Chef-vault 4.0.1 require Ruby >= 2.4


My chef is running on 12.21.31 version, and my ruby version is:
/opt/chef/embedded/bin/ruby -v
ruby 2.3.5p376 (2017-09-14 revision 59905) [x86_64-linux]

Last monday was realease new chef vault (4.0.1), and it requires ruby >= 2.4.

I would like to keep running on the current version, but my run_list force an automatic gem update, and it breaks.

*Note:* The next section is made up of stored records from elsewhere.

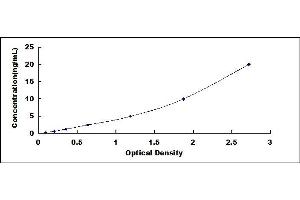 Dynamin 1 ELISA Kit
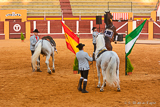 Andalucian Fiesta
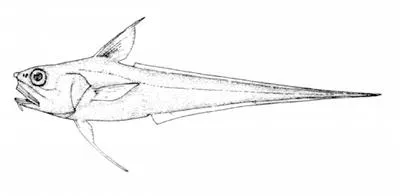 Filamented rattail (Coryphaenoides filifer)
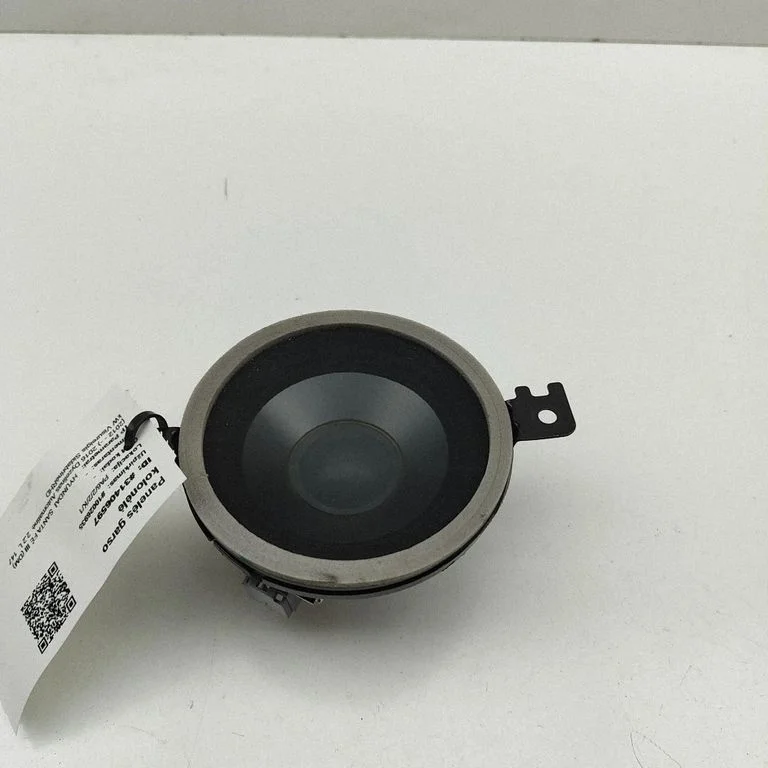 Skaļrunis panelī 963603R300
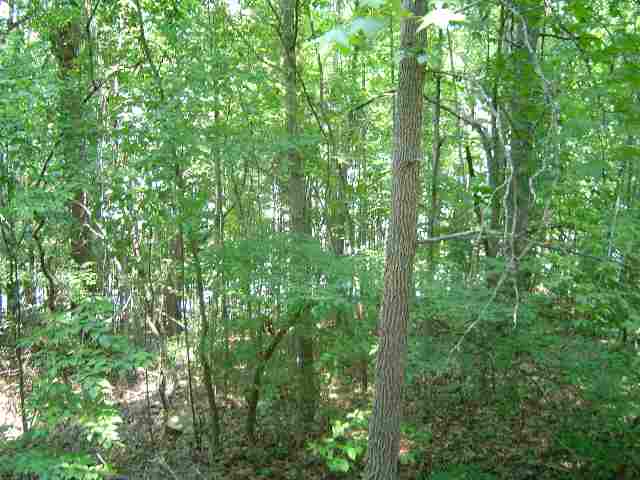 217 Cochran Road Clemson, SC 29631 - Photo 6 of 9 Gallery Image 6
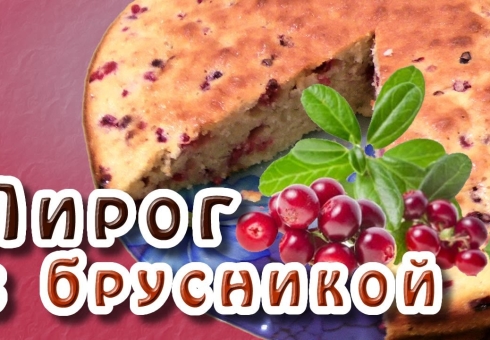 How to cook home cake with lingonberry. Recipes of delicious cake with lingonberry step by step with photos. How to bake sandy, puff, yeast cake with lingonberry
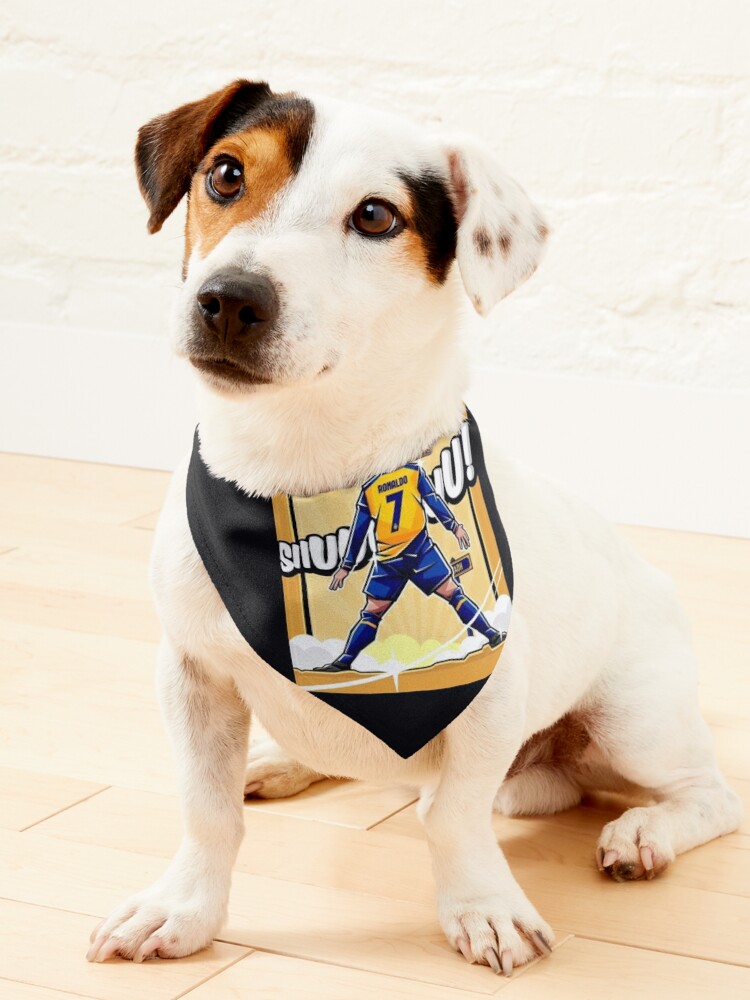 Golden State Warriors Pet Jersey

Fetching gem metadata from rubygems .org /............
Fetching version metadata from rubygems . org/...
Fetching dependency metadata from rubygems . org/..
Resolving dependencies...
Installing chef-vault 4.0.1

Gem::InstallError: chef-vault requires Ruby version >= 2.4.
Using ruby-dbus 0.16.0
Using bundler 1.12.5
An error occurred while installing chef-vault (4.0.1), and Bundler cannot
Make sure that `gem install chef-vault -v '4.0.1'` succeeds before bundling.
---- End output of bundle install ----

I've already tried to set the version 3.4.3 in the attribute ['chef-vault']['version'] in the chef-vault cookbook, but it didn't work.

How can I fix this without upgrade my chef ? Any else is facing the same issue ?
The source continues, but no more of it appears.